New York's annual Macy's Thanksgiving Day parade was threatened directly in ISIS magazines, said Miller, "and we locked down the route to make that kind of attack impractical," but there are many ways attacks can happen.

"You focus on a chemical attack, and you get a bombing," he said. "When I talk about a layered approach, it's also a 360 approach, an all-threats approach."

New York City has more than 500 uniformed police officers and counterterrorism details on the street, and on Monday was able to move resources to a half dozen Christmas markets running in the city, until more was understood about the attacks in Berlin.

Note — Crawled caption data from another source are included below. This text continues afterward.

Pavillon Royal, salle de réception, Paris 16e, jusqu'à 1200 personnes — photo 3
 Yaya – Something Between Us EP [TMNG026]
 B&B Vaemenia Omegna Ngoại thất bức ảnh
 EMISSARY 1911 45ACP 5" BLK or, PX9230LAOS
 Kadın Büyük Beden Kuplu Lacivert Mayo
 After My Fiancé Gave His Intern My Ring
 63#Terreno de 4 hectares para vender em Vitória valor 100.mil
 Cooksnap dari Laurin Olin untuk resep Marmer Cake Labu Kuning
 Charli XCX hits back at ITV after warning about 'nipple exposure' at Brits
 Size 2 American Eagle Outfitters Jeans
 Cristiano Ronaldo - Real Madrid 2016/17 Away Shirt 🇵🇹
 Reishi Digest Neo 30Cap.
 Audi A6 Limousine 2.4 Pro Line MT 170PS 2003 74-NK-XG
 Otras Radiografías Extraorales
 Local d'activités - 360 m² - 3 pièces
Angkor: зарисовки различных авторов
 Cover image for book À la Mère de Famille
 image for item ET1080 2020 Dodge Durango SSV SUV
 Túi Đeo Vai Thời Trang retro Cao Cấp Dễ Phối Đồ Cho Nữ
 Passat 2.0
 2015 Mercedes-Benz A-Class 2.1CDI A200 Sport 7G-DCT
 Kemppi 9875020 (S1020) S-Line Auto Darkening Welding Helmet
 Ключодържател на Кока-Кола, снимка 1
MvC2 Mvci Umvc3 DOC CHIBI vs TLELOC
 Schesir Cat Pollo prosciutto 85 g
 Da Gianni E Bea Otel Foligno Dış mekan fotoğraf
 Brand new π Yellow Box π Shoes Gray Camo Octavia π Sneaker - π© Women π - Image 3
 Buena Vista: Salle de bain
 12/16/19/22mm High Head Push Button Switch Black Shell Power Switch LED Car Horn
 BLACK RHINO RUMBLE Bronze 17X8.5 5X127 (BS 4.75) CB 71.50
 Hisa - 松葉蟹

Also appearing on Fox News' "America's Newsroom," Kirby addressed Monday's assassination of Russian Ambassador Andrei Karlov, who was shot and killed by an off-duty Turkish police officer during a photo presentation.

There is no way to know yet what Russian President Vladimir Putin's response will be concerning the death of the ambassador, or whether the United States will work with him, said Kirby.

"If the answer, however, is that they just step up the indiscriminate bombing and the support to the Assad regime in Syria, if that's the answer to what happened yesterday in Turkey, well, then that's not going to be something we would cooperate with," he told co-host Bill Hemmer.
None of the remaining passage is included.